September 18, 2006

Injustice

My last post made me think about how foreign it is to my consciousness that innocent people would not protest with righteous indignation at the implication that their innocence lends them to stupidity.

In fifth grade, my teacher Mrs. Ford ordered the class to be silent. She said that anyone who spoke in the least would be taken to the office and our parents would be called.

I was a good kid, so I didn't say a thing. After I finished my assignments, I sat looking around the room, watching the other children work. Suddenly, Mrs. Ford called my name, "Trey, I said no talking."

"I wasn't talking."

"I saw you talking just now."

"No, I wasn't. I didn't say a thing."

"I saw you."

"No, you didn't. I didn't say anything."

"Trey, I'm not going to discuss it. We're calling your parents after class."

I was livid.

Fifteen minutes before the end of class, she lined up everyone she had called out and started to march us to the office. Most if not all of the other children admitted to talking. I did not, however, and I was last in line because I was not happy about having to go to the office.

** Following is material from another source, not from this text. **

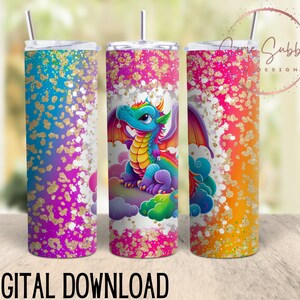 dragon tumbler wrap, rainbow dragon PNG, rainbow dragon wrap, rainbow dragon digital download, dragon 20oz tumbler download, dragon download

I had never gotten into trouble in school before apart from a mild verbal reprimand. I never had detention. And my parents were NEVER called. I knew that if my parents were called, I would be spanked when I got home.

It's important for me to point out at this point that my father was physically abusive to me when I was younger. He never broke any bones or anything like that, but he did spank us visciously. I don't care to go further than to simply state the fact in order to explain the level of fear I was experiencing at the thought of my parents being contacted by the school.

I will add this: using physical violence like spanking is not only inappropriate but ineffective as a means of correcting a child's behavior. I also think it's easy for an angry adult to go beyond any reasonable standard when violence.

And there was Mrs. Ford was calling everyone's parents.

I got to the front of the line and I said, "Mrs. Ford, I wasn't talking."

"Trey, I saw you talking."

"But I wasn't."

"What's your phone number."

"I wasn't talking."

"What's your phone number."

"I'm not going to tell you because I wasn't talking. You can't call my mother for this."

She got a phonebook from the office ladies.

"Mrs. Ford, I WASN'T TALKING!" I pushed the button on the phone to force her to disconnect. She pushed my hands away and dialed again. "I WASN'T TALKING!" I was terrified of getting into trouble at school and I was terrified of getting into trouble at home. The injustice of what was happening overwhelmed me.

"Mrs. Peden? Hello. This is Mrs. Ford, Trey's Science teacher. I'm calling because Trey was talking in class today and --"

"MOM! DON'T LISTEN TO HER! SHE'S LYING! I WAS NOT TALKING! I WAS NOT TALKING! I WAS NOT TALKING!" But I was screaming at the top of my lungs at this point.

I don't even clearly remember what happened after that. I didn't do anything more violent than pound on the table, I think. I was forced to sit in the principle's office crying and my mother had to come to the school to pick me up.

I was given a "referral." I don't know what that meant exactly, but I was a firm believer in the "permanent record" and I thought for sure the police would forever see me and think I was a criminal because I had been written up.

My principle saw how upset I was and agreed that because of my previous good behavior that he would throw away the referral and I would not be in trouble for my outburst.

My mother, for her part, was astonished and confused by my bahavior. I was a good kid. I didn't get into trouble, so she knew something was very wrong. Even so, she made me go back to Mrs. Ford and apologize. I refused because I thought I had done nothing wrong. My mother forced me, though.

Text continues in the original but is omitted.